Sunday, 01 January 2017 04:07 Written by  Heart of Asia Read 190 times

As time goes by, the outcome of US-led counterterrorism efforts turns out to be in conflict with the slogans. There are reports almost on daily basis which bolster skepticism as to the intention of the super power in the war on terror. The United States has stayed in Afghanistan under the pretext of the war on terrorism longer than anywhere else in the world, even to the extent that Afghan war is America’s longest war in its history, yet the results are against the mottos based on which the US justifies its presence in Afghanistan.

 

 

The key objectives of American engagement in Afghanistan were elimination of terrorism and fight against narcotics. Even after a decade and a half of American presence and heavy costs in blood and treasure, not only have the two objectives not been accomplished, but the situation has also aggravated in both areas. The number of terrorist groups has further increased in Afghanistan, and it still remains the world’s biggest producer of drugs.

 

The US-led NATO coalition also acknowledges its failure in both aspects. A spokesperson of the NATO’s Resolute Support Mission (RSM) in Afghanistan has recently said there are currently 13 active global terror groups in Afghanistan, while Al-Qaeda was the only foreign terrorist group operating here prior to NATO presence, and also the level of poppy cultivation during the Taliban regime cannot be compared with today. 

 

The chief of National Directorate of Security (NDS) -- Afghanistan’s intelligence agency – has also admitted that foreign fighters have increased in the country. Only the counting of foreign fighters is not the responsibility of NATO forces and NDS. According to security pacts Afghanistan has inked with NATO and US, decimating the terror groups is their shared duty.

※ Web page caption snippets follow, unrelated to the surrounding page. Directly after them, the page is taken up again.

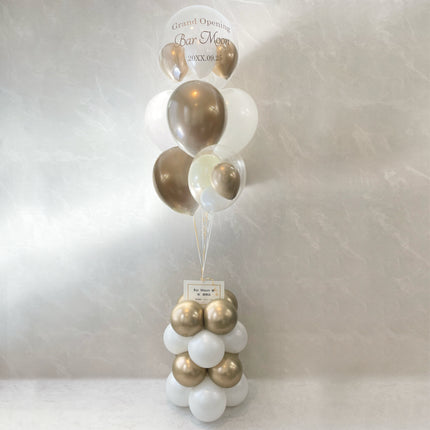 ゴールド×ホワイトスタンディングバルーン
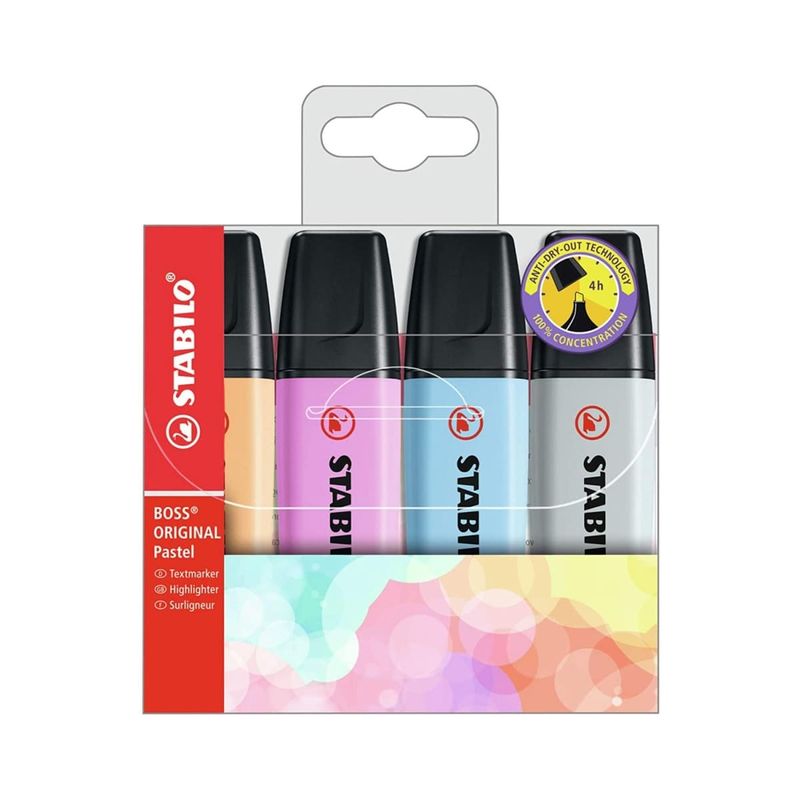 STABILO - Set de 4 Destacadores Stabilo Boss Original Pastel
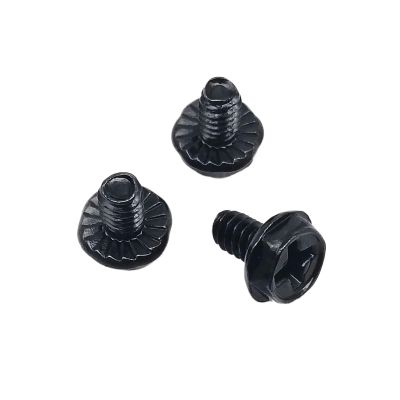 100pc 6#-32x5/6/8mm PC Case Power Supply PSU Hard Drive HDD Motherboard Video Card Head Mount Fix Screw Bolt(Black,6-32x8mm)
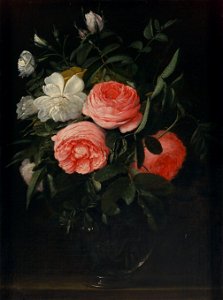 Jan Anton van der Baren - Glass with Roses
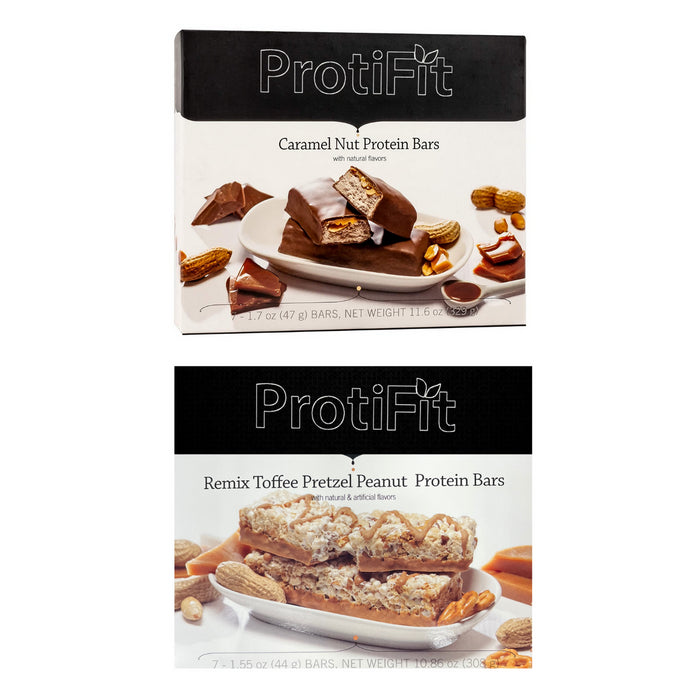 Proti Fit Caramel Nut and Toffee Pretzel Remix Bar Bundle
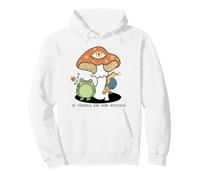 Sii Te Stesso Non scusarti Cottagecore Frog Felpa con Cappuccio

Afghans agreed to forge security cooperation with NATO and America because of the threat of these very terrorist outfits, thus if their presence cannot extricate and protect Afghan people from the evil of terrorism, there is no any other benefit for the sake of which Afghans can sacrifice their good relations with the regional powers. 

 

Taking into account the country’s deteriorating security situation, Afghanistan should take the nature of current counterterrorism efforts up with NATO and US. If they do not fulfil their commitments to eliminate terror groups, Afghanistan should also not solely pay the price for maintaining relations with them, and needs to mull over alternative options.